Get the model parameters.

Usage

nca_extract(model, x=NULL, ceiling=NULL, param='Effect size')

Arguments

model

The model produced by nca_analysis

x

Name of the condition, defaults to the first

ceiling

Name of the ceiling, defaults to the first

param

Name of the parameter, default 'Effect size'

Examples

data(nca.example)
model <- nca_analysis(nca.example, c('Individualism', 'Risk taking'), 3)

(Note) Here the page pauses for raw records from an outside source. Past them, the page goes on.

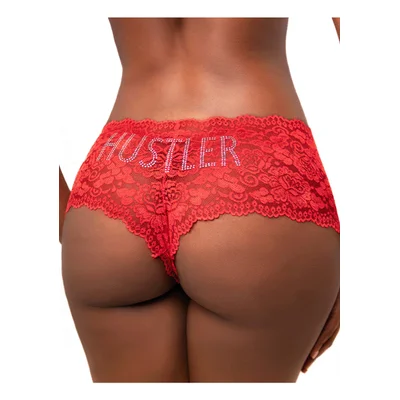 hustler rhinestone logo lace boyshort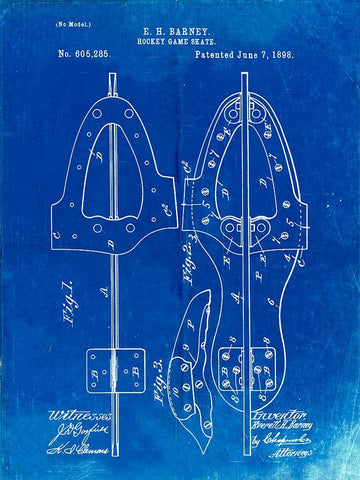 PP158- Faded Blueprint 1898 Hockey Skate Patent Poster White Modern Wood Framed Art Print with Double Matting by Borders, Cole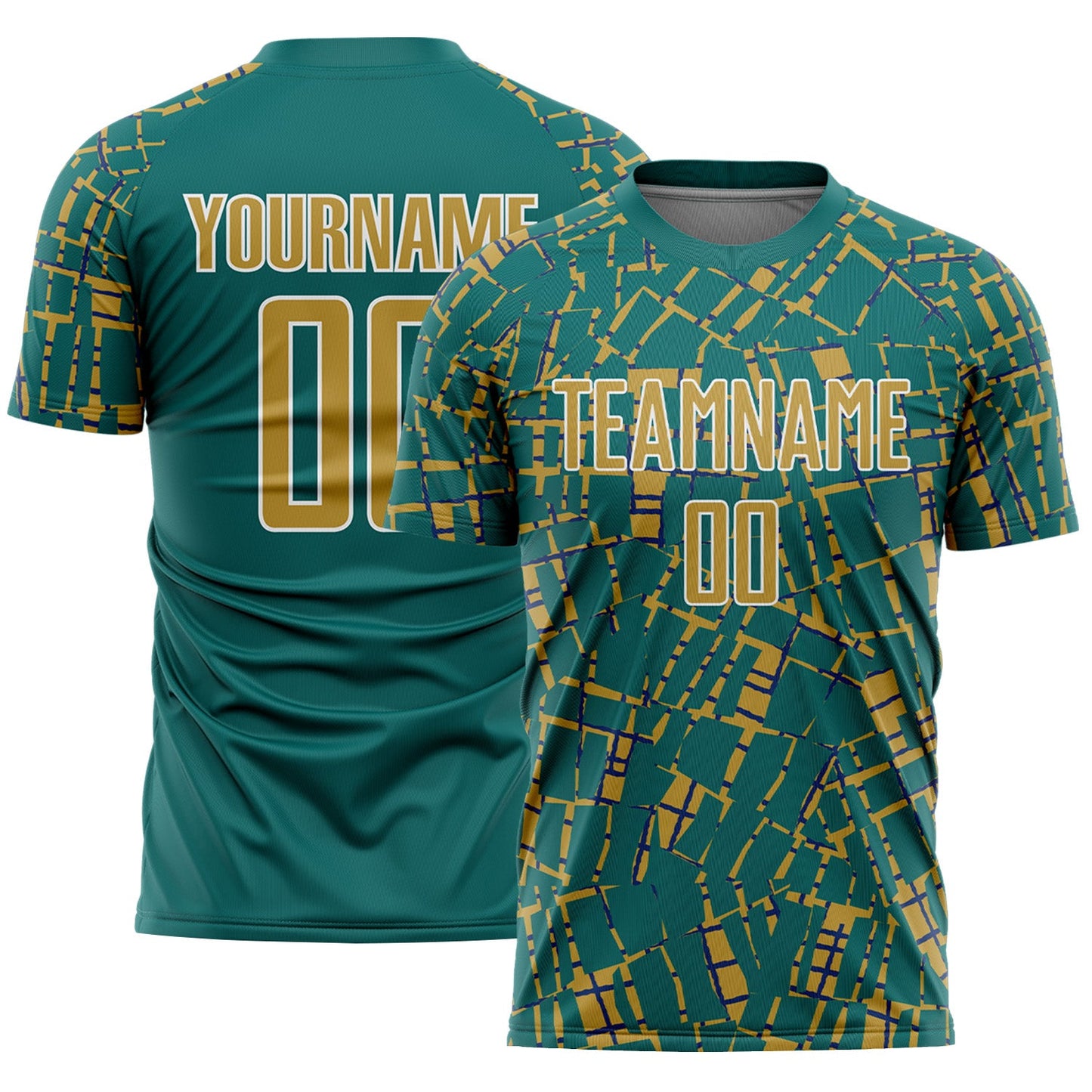 Custom Teal Old Gold-White Abstract Line Sports Sublimation Soccer Uniform Jersey - Main View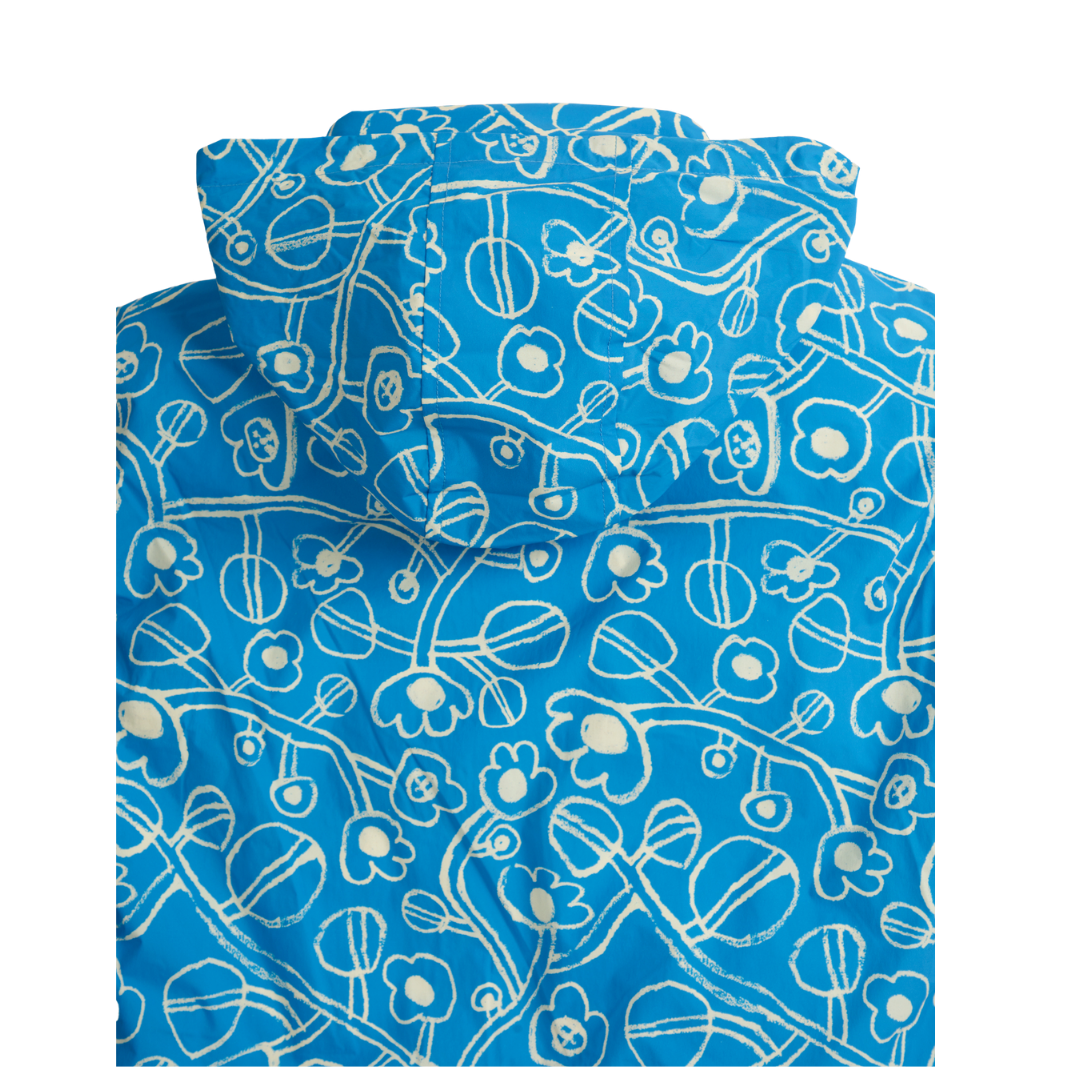 Sketchy Flowers All Over Anorak - Blue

# The names of the parameters can be found in the summaries
nca_output(model, plots=FALSE, summaries=TRUE)

# Get the Ceiling zone
extract <- nca_extract(model, 'Individualism', 'ce_fdh', 'Ceiling zone')
print(extract)

# Get the Scope
extract <- nca_extract(model, 'Individualism', 'ce_fdh', 'Scope')
print(extract)

# For multiple values: vectorize one argument and pin the others
names <- c('Individualism', 'Risk taking')
extracts <- sapply(names, nca_extract,
                   model=model, ceiling='ce_fdh', param='Ceiling zone')
print(extracts)

params <- c('Effect size', 'Ceiling zone')
extracts <- sapply(params, nca_extract,
                   model=model, x='Individualism', ceiling='ce_fdh')
print(extracts)

# It is also possible to get the extract directly from the model
# Get the Ceiling zone
print(model$`Ceiling zone`$Individualism$ce_fdh)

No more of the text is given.